Падре непринужденно рассмеялся.
– Ладно, засчитано, вода – это тоже компонент. Что еще?
– Смола какого-то дерева, ива? – он ждал одобрительного сигнала. – Болотная ива. Я прав? – тот кивнул. – Я чув..ствую железо, там есть, там кровь!
– Не бойся, я не буду спрашивать чья именно. К тому же, по одному лишь запаху ты все равно никогда не догадаешься. Ну, еще один!
Део напряг все свое чутье. Запах не был неприятным или же резким, скорее, он был тянучим, и, возможно, его было бы крайне тяжело проветрить из этого дома, будь зелья здесь больше, чем сейчас.
Словно бы прочитав его мысли, Падре поспешил ответить.

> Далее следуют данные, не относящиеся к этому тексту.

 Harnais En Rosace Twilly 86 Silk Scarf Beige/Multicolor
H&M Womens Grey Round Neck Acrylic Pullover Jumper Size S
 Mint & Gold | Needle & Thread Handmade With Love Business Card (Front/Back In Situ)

– Варил я его не здесь. Один из основных компонентов, знаете ли, очень тяжело доставить в лабораторию, никак при этом не повредив.
Део потряс пузырек, и вдруг его осенило.
– Пы..пыльца мотыля!
– Именно! – довольный своим учеником, Падре похлопал его по плечу. Део невольно отдернул руку, так как ее все еще немного саднило. – Ох, прости, прости, – поспешил извинится тот. – Пыльца полуночного мотыля! Тяжело достать, но еще тяжелее правильно использовать. В неверных дозах она может быть даже ядовита, а в нужном количестве обладает…
– Свойством дурмана.
– Молодец, мой мальчик, ты прошел этот экзамен, – Падре осторожно закрыл пузырек и передал его обратно ученику. – Это зелье поможет скрыть тебя от надоедливых глаз. Но сразу предупреждаю, действует оно недолго, около двух часов. Если ты захочешь когда-нибудь побыть по-настоящему невидимым, то хватит и одного единственного глотка.
– Но, Падре…
– Да, знаю. В наше время они под запретом. Поэтому я прошу – храни его как зеницу ока. Постарайся не выпускать из рук, а по возможности, скорее использовать его. Прости, это то, немногое, что я могу для тебя сейчас сделать.

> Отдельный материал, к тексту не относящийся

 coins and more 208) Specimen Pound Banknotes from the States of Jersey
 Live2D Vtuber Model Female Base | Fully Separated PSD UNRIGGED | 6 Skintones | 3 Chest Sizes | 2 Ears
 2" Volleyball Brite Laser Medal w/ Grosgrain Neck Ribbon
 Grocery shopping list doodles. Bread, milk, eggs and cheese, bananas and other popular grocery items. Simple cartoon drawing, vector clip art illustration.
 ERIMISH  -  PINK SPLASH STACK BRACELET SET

– Спасибо, Падре, спасибо вам… – Део хотел было поклониться, но тот резко одернул его.
– Нас с тобой еще ждут дела. Для начала вернем честно заработанные деньги, а вечером сходим к старейшине, – Део вопросительно уставился на своего учителя. – Да, ты не ослышался. Мне нужно не так много, я буду вести непринужденный разговор, а ты в это время понаблюдаешь за кое чем… – Падре смахнул с себя тревожные мысли. – Ну что, пойдем?
Део убрал заветный пузырек во внутренний карман своей мантии. Зелье-обманка, или, так называемое, зелье невидимости, которое на самом деле работает таким образом, что люди, находясь под действием дурманов и легкого яда, просто не замечают тебя. Оно широко использовалось около полутора тысяч лет назад среди лордов и прочих влиятельных людей, с его помощью они узнавали различного рода тайную информацию. За что потом, в общем-то, данное зелье и попало под строгий запрет магистериума.
– Падре, а что вы сказали? Какое зелье вы послали в архивы?
Тот улыбнулся, накидывая на себя широкий плащ.
– Лекарство от прыщей, – улыбаясь, ответил он. – Знаешь ли, пыльца мотыля идеально подходит для того, чтобы скрыть неприятные недостатки кожи.